BEGIN Provided material

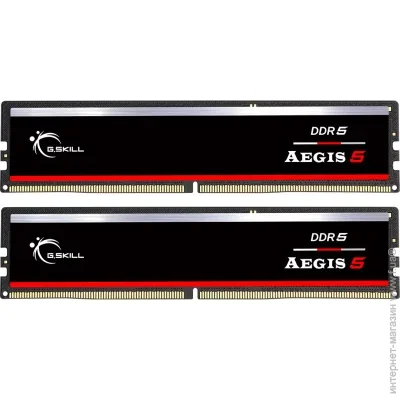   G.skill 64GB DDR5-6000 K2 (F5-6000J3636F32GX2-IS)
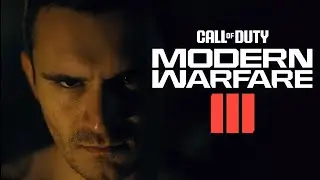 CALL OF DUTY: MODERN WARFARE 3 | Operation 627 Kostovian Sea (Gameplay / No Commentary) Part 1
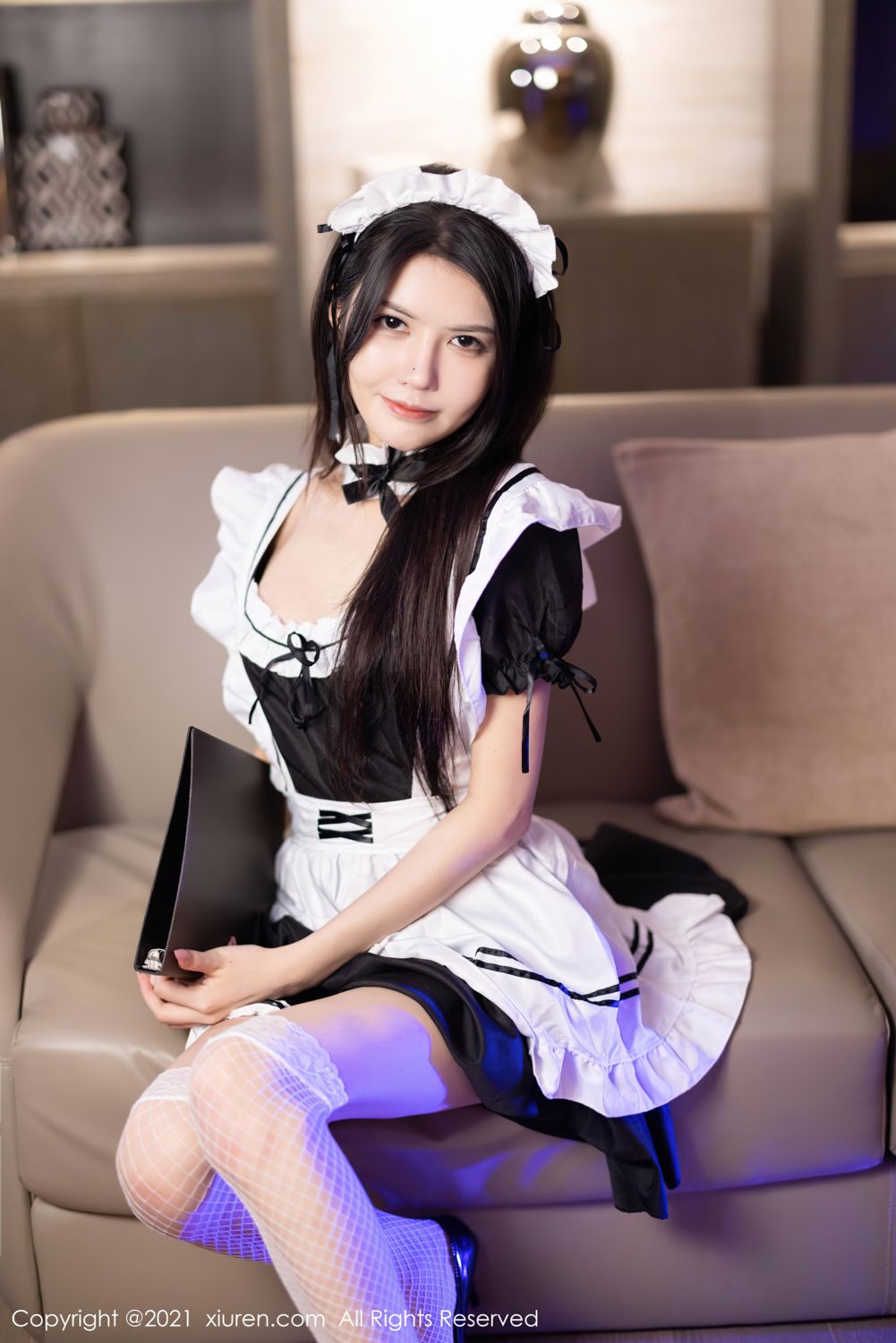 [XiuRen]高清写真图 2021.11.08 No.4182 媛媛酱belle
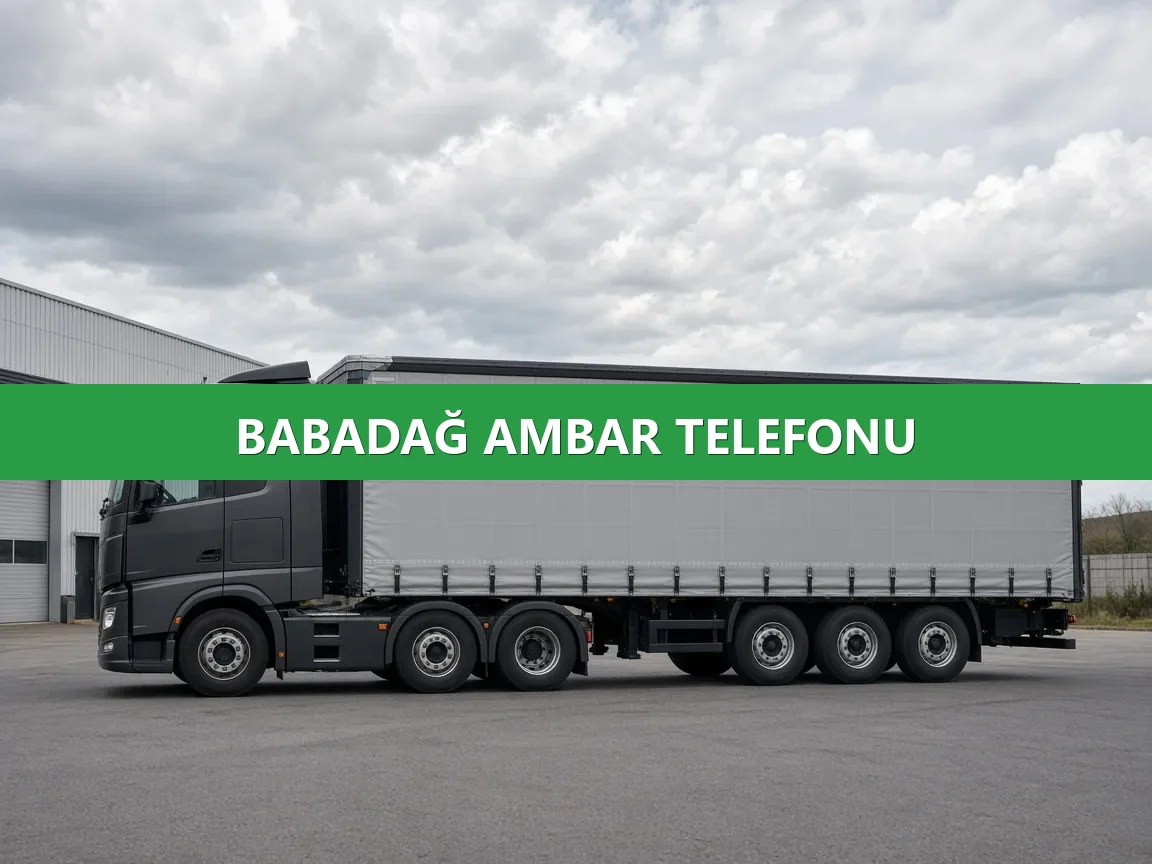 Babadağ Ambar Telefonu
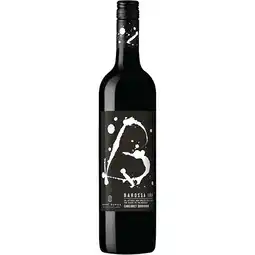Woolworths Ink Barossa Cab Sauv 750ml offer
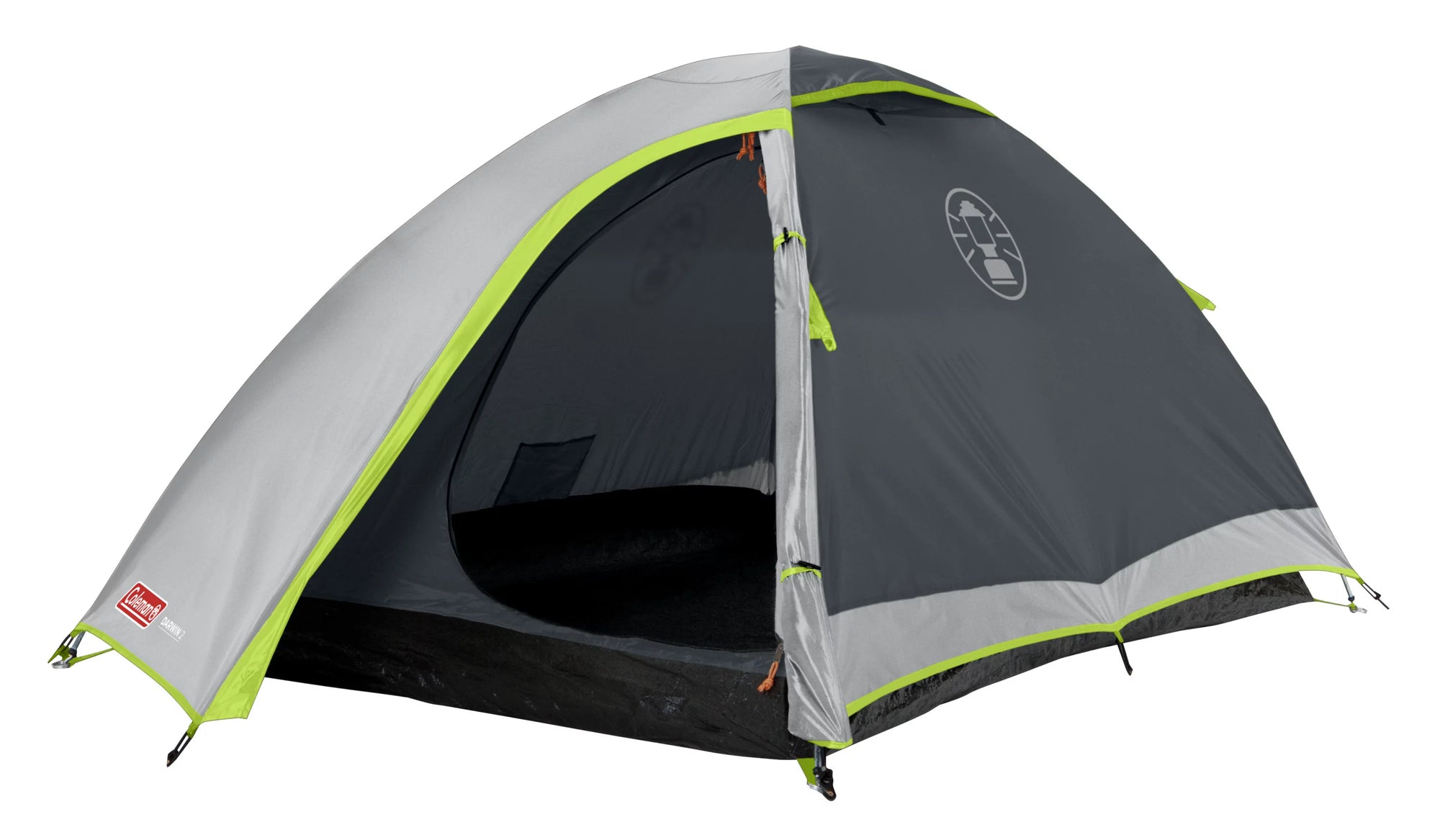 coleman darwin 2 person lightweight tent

END Provided material

--- Your task ---
An exact copy of the material is required, minus the pictures.

--- Written answer ---
   G.skill 64GB DDR5-6000 K2 (F5-6000J3636F32GX2-IS)
 CALL OF DUTY: MODERN WARFARE 3 | Operation 627 Kostovian Sea (Gameplay / No Commentary) Part 1
 [XiuRen]高清写真图 2021.11.08 No.4182 媛媛酱belle
 Babadağ Ambar Telefonu
Woolworths Ink Barossa Cab Sauv 750ml offer
 coleman darwin 2 person lightweight tent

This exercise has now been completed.